2. The recursive call:
   The function must call itself again in order to continue processing information. When a function calls itself, something must be different so that eventually, it will do the base case. Note that if the function keeps doing the recursive call, it will never end, resulting in, you guessed it, infinite recursion. This is VERY BAD!

The Mechanics of a Recursive Call

	main() Program Start

This space is used to store the temporary variables that main() needs, a space to store the return value when it finishes and other information. Each time a function is called, the memory area for that funtion is placed on the top of the stack, and then taken off again when the execution of the call is completed. Therefore, when main() calls countdown(3), a new memory area is created to for this function on top of the stack. countdown calls itself three times until the base case is reached when n=0, at which point the stack has five function calls stored in it.

	main() Program Start	countdown() n=3 main() Called countdown(3)	countdown() n=2 countdown() n=3 main() Called countdown(2)	countdown() n=1 countdown() n=2 countdown() n=3 main() Called countdown(1)	countdown() n=0 countdown() n=1 countdown() n=2 countdown() n=3 main() Called countdown(0)

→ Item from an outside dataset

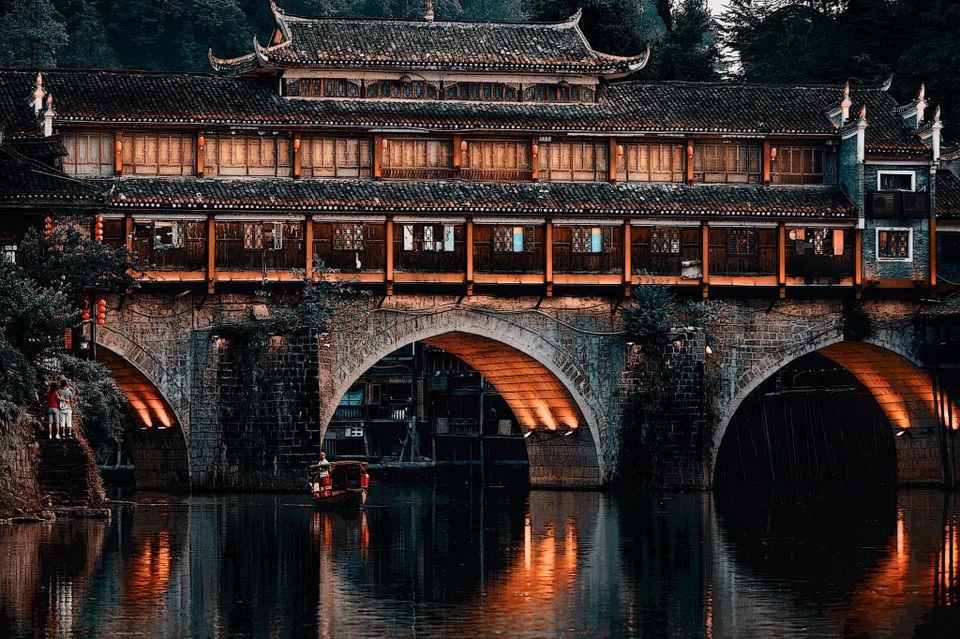 Vẻ đẹp mộng mị của Phượng Hoàng cổ trấn trước khi ngập trong biển lũ - 8 Vẻ đẹp mộng mị của Phượng Hoàng cổ trấn trước khi ngập trong biển lũ - 8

As the functions end, they are at the top and are "popped" off the stack. A stack is an example of a "last in/first out" structure (as opposed to, for example, a queue, which is a "first in/first out" structure).

Two Mathematical Examples

• Natural Numbers:
  These numbers can be loosely recursively defined as:
  • Base Case: 1 is a natural number
  • Recursion: If N is a natural number, and N > 1, then so is N-1.

• The Factorial (!)
  
  • Base Case: 0! = 1
  • Recursion: If N is > 0, n! = n(n-1)!

  By repeatedly using the definition of factorial, we can work out that

  • 6 factorial = 6 x (5 factorial)
    • 5 factorial = 5 x (4 factorial)
      • 4 factorial = 4 x (3 factorial)
        • 3 factorial = 3 x (2 factorial)
          • 2 factorial = 2 x (1 factorial)
            • 1 factorial = 1 x (0 factorial)
              • 0 factorial = 1
                The recurrence stops at the base case
              1 factorial = 1 x 1 = 1
            2 factorial = 2 x 1 = 2
          3 factorial = 3 x 2 = 6
        4 factorial = 4 x 6 = 24
      5 factorial = 5 x 24 = 120
    6 factorial = 6 x 120 = 720

  We can code this recursive Factorial function in C++ as follows:

  	int Factorial(int n) { if (n == 0) // base case return 1; else // recursive call return n*Factorial(n-1); }

  Note how this code exactly mirrors the mathematical definition.

Another Example

	#include<iostream> using namespace std; void print_backwards(); // function prototype int main() { print_backwards(); cout << "\n"; return 0; } void print_backwards() { char character; cout << "Enter a character ('.' to end program): "; cin >> character; if (character != '.') { // output the character after the recursive call returns. print_backwards(); cout << character; } }	#include<iostream> using namespace std; void print_forwards(); // function prototype int main() { print_backwards(); cout << "\n"; return 0; } void print_forwards() { char character; cout << "Enter a character ('.' to end program): "; cin >> character; if (character != '.') { // output the character, and then do recursive call cout << character; print_forwards(); } }

The only difference between the two is the placement of the cout statement relative to the recursive call. The function print_backwards() waits until the recursive call returns before outputing the character input from the keyboard, while print_forward() outputs the character first.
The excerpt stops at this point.